____ Supplied information
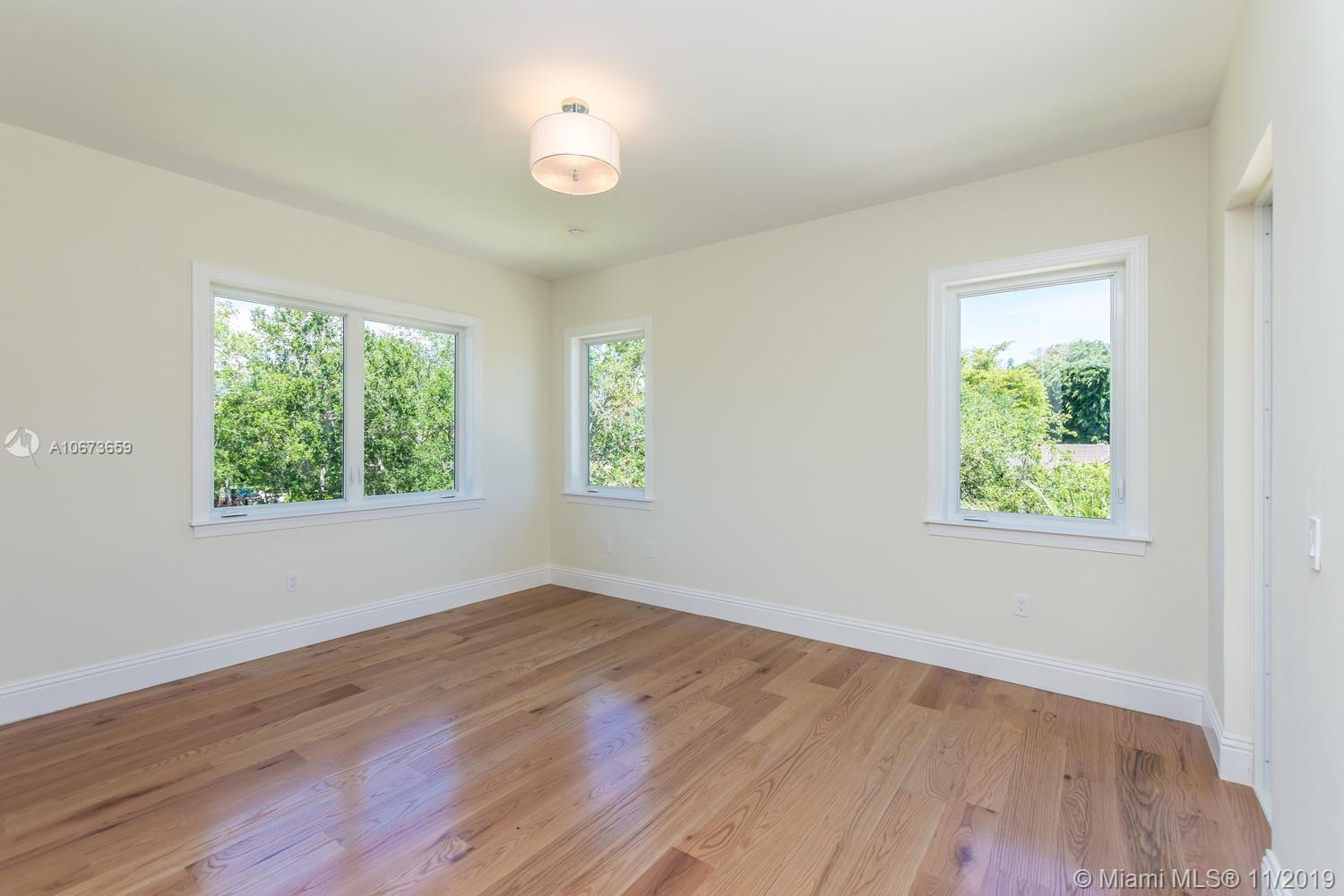 GRANADA PARK AMD - Residential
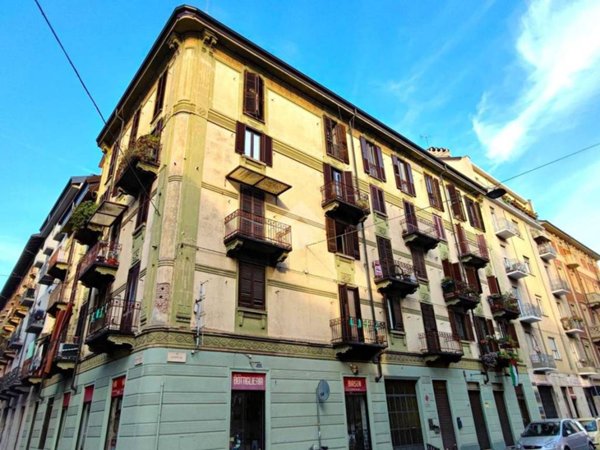 appartamento in vendita a Torino in zona Borgata Vittoria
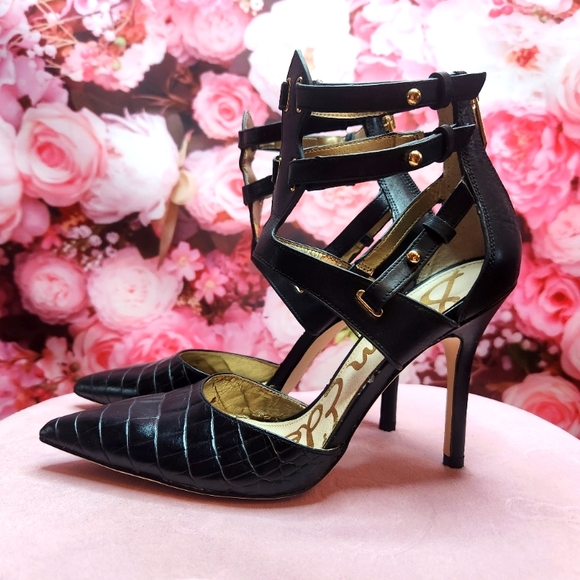 Sam Edelman Leather Heels Size 6 black/gold accents - Picture 3 of 8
________
**What you should do:** The result should be the material above, unchanged and free of pictures; please print it.

**Answer for this exercise:**
 GRANADA PARK AMD - Residential
 appartamento in vendita a Torino in zona Borgata Vittoria
 Sam Edelman Leather Heels Size 6 black/gold accents - Picture 3 of 8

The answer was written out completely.